◆ **What is expected**
Below this line is a listing that includes pictures. Copy exactly, and only, the lines from the one containing "Cozy New Apartment" through the one containing "Pour préserver les"; the pictures do not go in the copy.

◆ **Materials provided**
------------
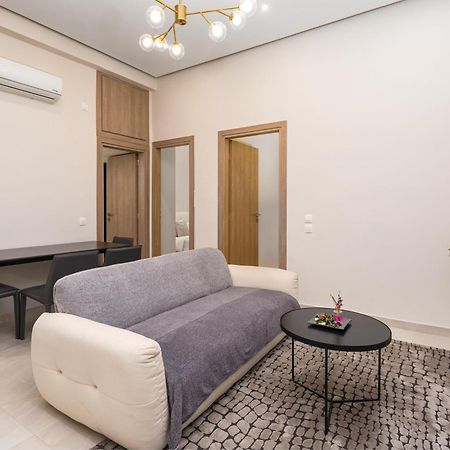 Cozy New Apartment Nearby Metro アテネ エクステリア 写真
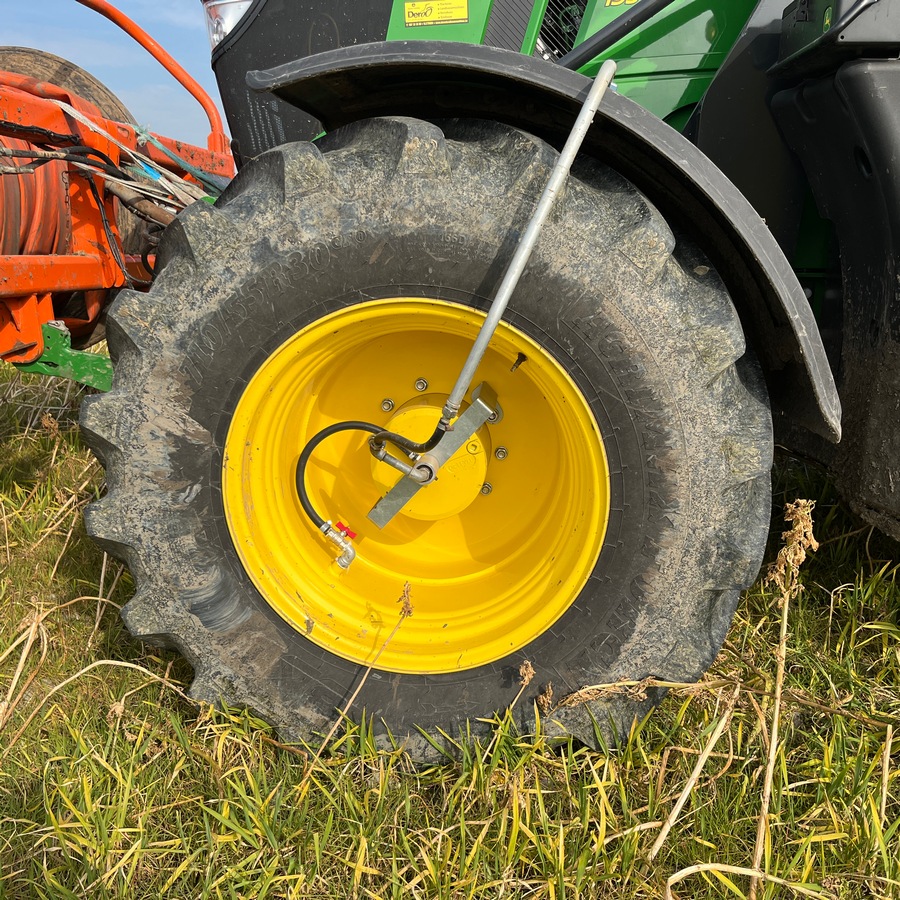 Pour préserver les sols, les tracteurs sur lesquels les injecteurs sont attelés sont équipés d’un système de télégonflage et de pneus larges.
------------
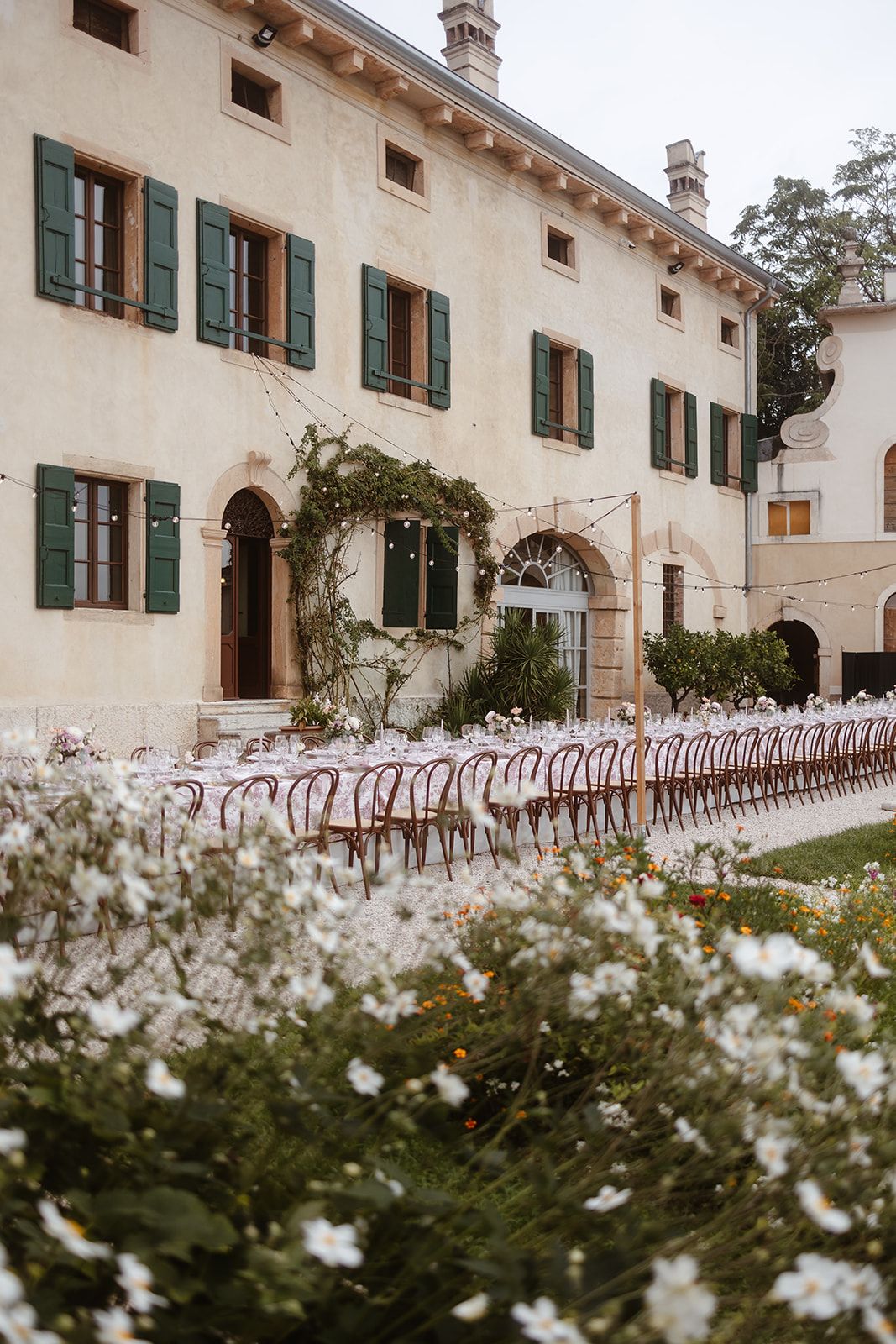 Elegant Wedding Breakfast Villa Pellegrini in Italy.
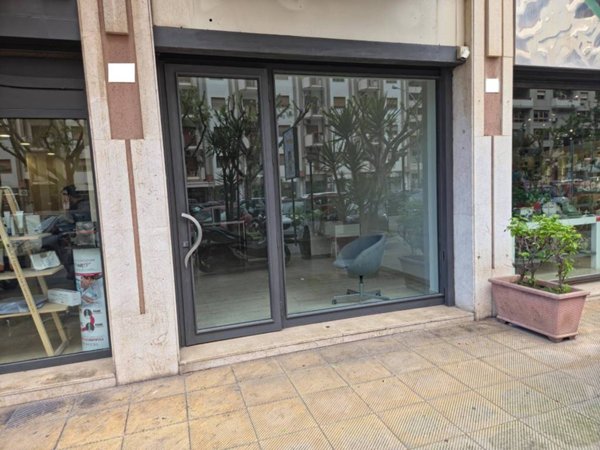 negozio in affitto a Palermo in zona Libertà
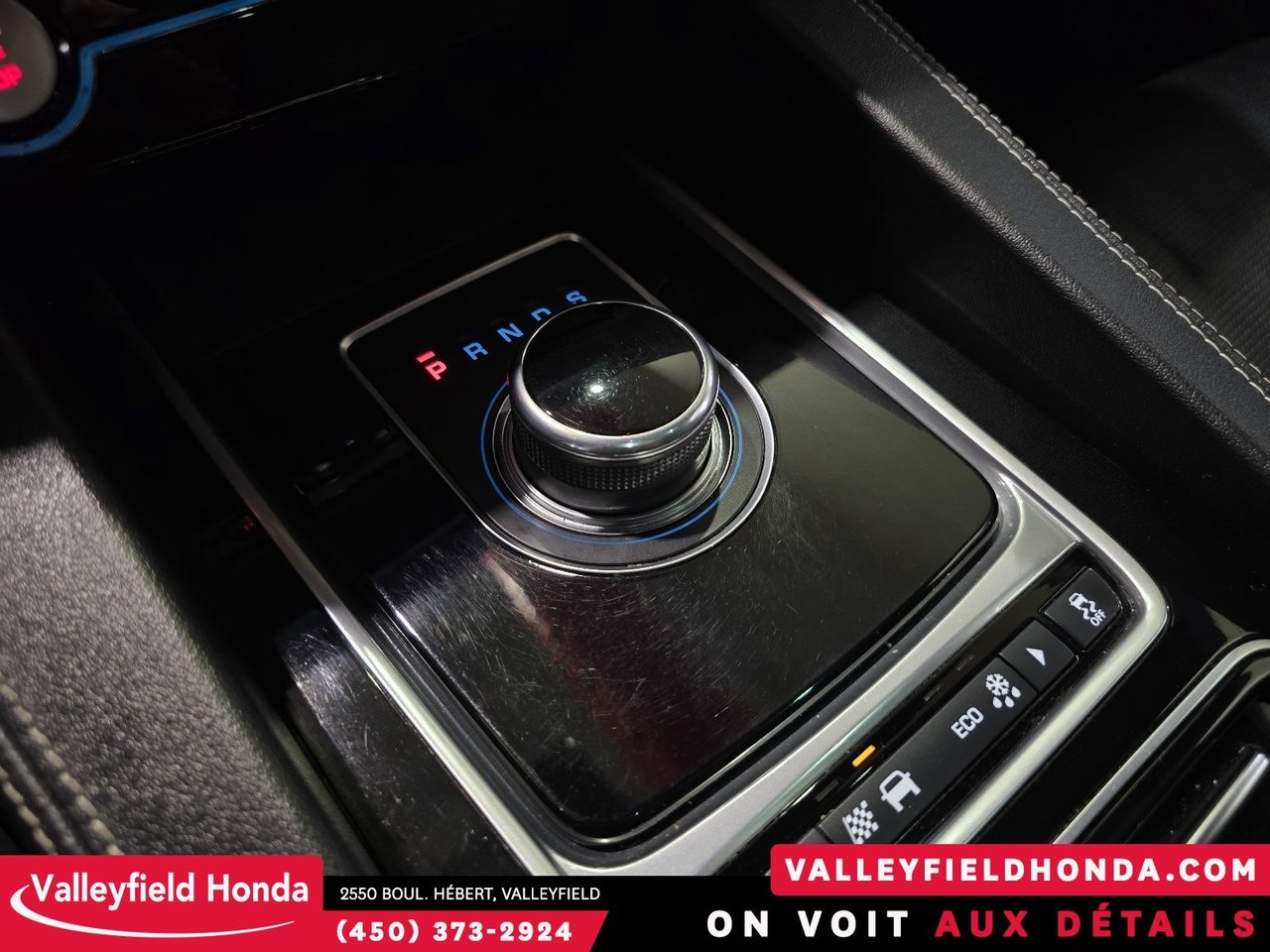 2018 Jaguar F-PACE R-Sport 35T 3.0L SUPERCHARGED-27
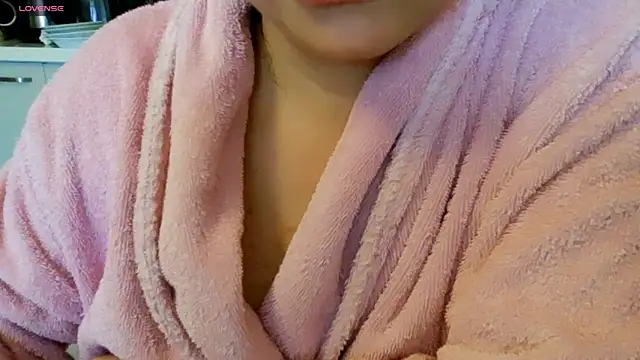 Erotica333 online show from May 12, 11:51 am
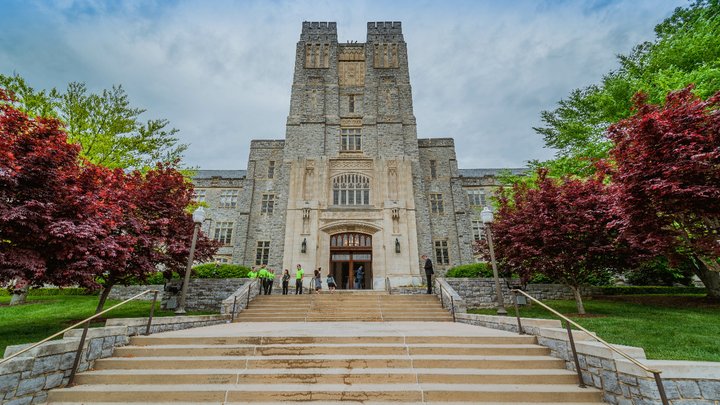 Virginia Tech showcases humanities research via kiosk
------------
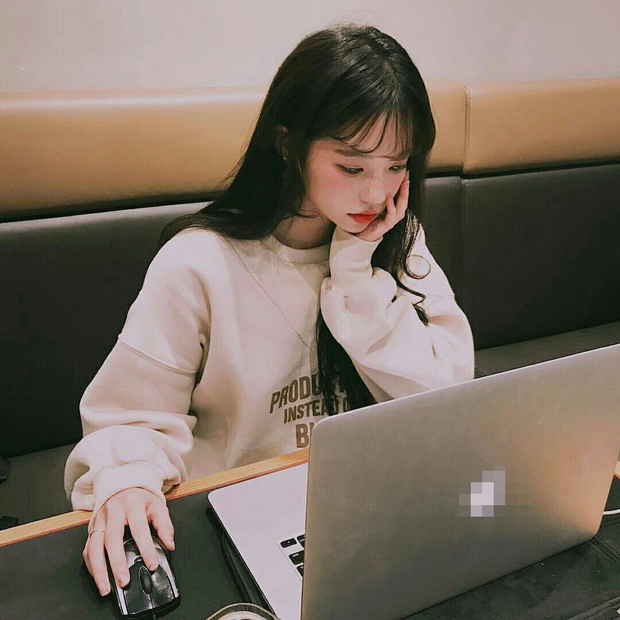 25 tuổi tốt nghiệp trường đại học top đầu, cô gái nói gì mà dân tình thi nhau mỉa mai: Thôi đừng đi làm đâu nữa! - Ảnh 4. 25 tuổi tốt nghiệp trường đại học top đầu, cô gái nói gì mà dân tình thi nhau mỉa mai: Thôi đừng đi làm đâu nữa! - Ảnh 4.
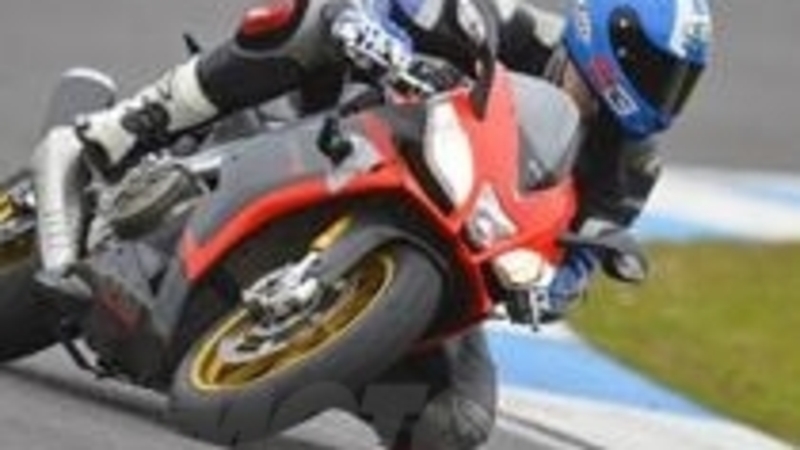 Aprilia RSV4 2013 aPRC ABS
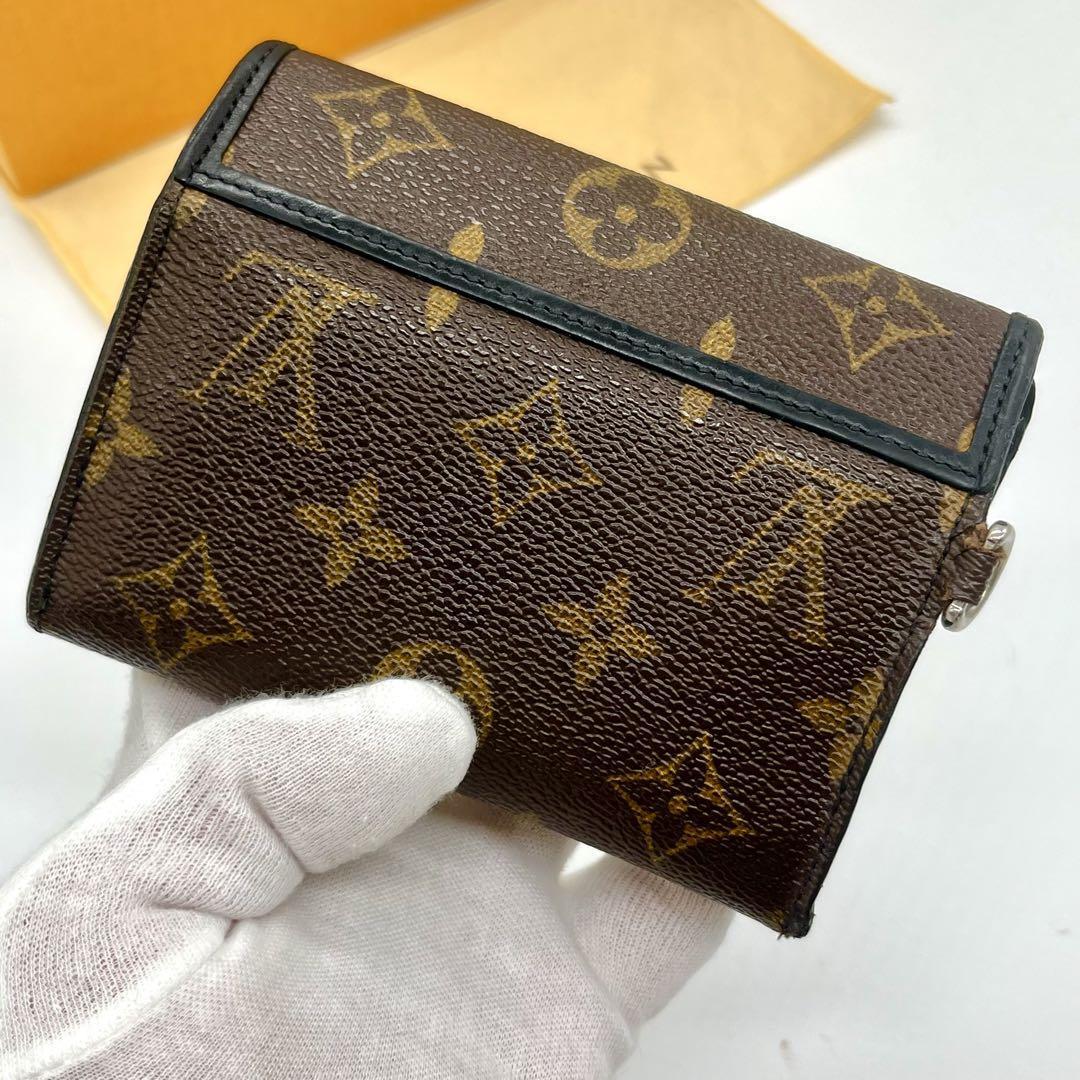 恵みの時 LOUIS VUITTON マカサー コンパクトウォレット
------------
◆ **Task response**
 Cozy New Apartment Nearby Metro アテネ エクステリア 写真
 Pour préserver les sols, les tracteurs sur lesquels les injecteurs sont attelés sont équipés d’un système de télégonflage et de pneus larges.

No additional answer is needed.